Is it possible for me to basically print off what I've made notes on in a kindle book?
I've got a textbook on my kindle so if I can do that it would be helpful for an open note test we have coming up.


----------



## history_lover (Aug 9, 2010)

In a Kindle book it's very easy - just go to kindle.amazon.com and log in - you can view all highlights and notes from your Kindle books and you can print from there. Alternatively, you can plug your Kindle into your computer and locate and open myclippings.txt but the first option is quicker and allows you to view only highlights/notes from one book at a time (myclippings.txt includes all Kindle books).

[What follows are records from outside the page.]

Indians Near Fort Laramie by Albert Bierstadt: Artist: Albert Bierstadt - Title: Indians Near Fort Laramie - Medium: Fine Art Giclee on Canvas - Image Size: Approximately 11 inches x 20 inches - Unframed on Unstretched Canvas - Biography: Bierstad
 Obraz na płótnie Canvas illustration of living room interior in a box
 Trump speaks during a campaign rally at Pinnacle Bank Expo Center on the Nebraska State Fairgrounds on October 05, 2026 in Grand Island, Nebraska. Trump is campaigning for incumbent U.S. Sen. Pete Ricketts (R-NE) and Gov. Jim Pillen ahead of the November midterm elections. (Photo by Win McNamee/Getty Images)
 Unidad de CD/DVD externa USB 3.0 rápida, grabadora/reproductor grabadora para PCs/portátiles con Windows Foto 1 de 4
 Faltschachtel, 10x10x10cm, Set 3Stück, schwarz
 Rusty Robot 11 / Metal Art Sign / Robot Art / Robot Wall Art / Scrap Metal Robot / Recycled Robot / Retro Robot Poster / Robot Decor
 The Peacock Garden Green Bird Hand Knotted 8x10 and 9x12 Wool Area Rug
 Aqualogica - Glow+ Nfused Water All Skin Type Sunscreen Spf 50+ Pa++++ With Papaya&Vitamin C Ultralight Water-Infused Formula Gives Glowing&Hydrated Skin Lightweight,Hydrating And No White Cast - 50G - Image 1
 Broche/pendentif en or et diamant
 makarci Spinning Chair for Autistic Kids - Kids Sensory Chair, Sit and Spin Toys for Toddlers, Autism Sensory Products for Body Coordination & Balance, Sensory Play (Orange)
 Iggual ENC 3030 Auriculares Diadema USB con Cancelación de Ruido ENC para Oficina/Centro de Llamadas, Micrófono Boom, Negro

If it's not a Kindle book, if you got the ebook somewhere else, you have to use the second option.


----------



## izzy (Jun 12, 2010)

Thanks! I felt silly once you said kindle.com I forgot all about having that site to look at my notes.


----------



## Alchemy (Jan 31, 2011)

It's a real shame you cannot transfer your notes and clippings wirelessly to another PC for non-Amazon bought books. "Plugging-in" seems very old fashioned and a bit labor-intensive when you only need a paragraph or two, but often.


----------



## Ann in Arlington (Oct 27, 2008)

If you are syncing -- which may not have been a feature when this thread was started -- you may be able to pull up the notes via Kindle for PC and print from there. You'd probably have to do a 'copy and paste' into Wordpad or something like it -- but still, no wire necessary. I'm fairly sure this will work for Amazon content.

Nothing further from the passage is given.